The $1.2 trillion student loan industry is an attractive target for scammers because of its size and often desperate debtors. Borrowers struggling to repay student loans often turn to search engines with simple phrases such as "student loan relief” and "student debt forgiveness," the CFPB letter said. Advertising on the results pages often direct struggling borrowers to potentially illegal schemes.

While many search engines have policies to protect consumers against misrepresentations in advertisements, the CFPB urges the companies to work with regulators to ensure debt relief companies are not implying an affiliation with the Department of Education or other federal government agencies.

Common daily search results for “student loan forgiveness” direct people to websites charging several hundred dollars in upfront fees simply to file paperwork, while guaranteeing loan forgiveness. These sites typically file a few pages of paperwork for borrowers to enroll in income-based repayment plans and don't involve any loan forgiveness. Such paperwork is free and simple and meant to be filled out by borrowers themselves.

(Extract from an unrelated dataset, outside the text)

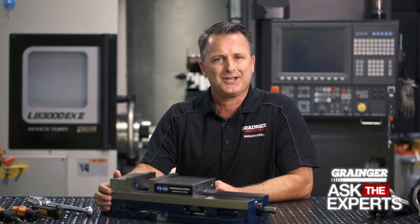Thanks for watching this edition of Grainger Ask the Experts. For more helpful tips and videos, check out the full series.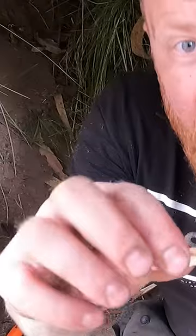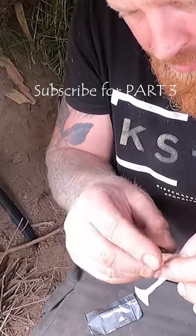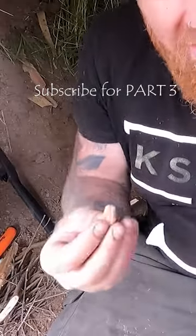Tinder here, get yourself two of these ends. One end goes on here, make sure your tinder is nice.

"This bears a close resemblance to the foreclosure crisis, where borrowers were given conflicting information about their options and found scammers who made false promises on loan modifications in exchange for upfront fees," the letter states. Back then, Google worked with the Inspector General’s office to shut down mortgage scam websites that had advertised with the search engine. 

"By more closely monitoring advertising on key search terms and helping to drive traffic toward unbiased sources of information, your users will gain greater value from your search products and scammers will be less likely to flourish,” the letter [PDF] to Google states.

The Education Department offers several plans to borrowers with federal student loans to make payments more affordable. These include options that let borrowers set their monthly payment based on their income. Monthly payments under these plans can be as low as zero dollars per month for unemployed or very low-wage borrowers. The Education Department doesn't charge fees to apply for or enroll in these plans, for which many student loan borrowers qualify.

Last December, the CFPB released a special advisory warning consumers to be on the lookout for such scams.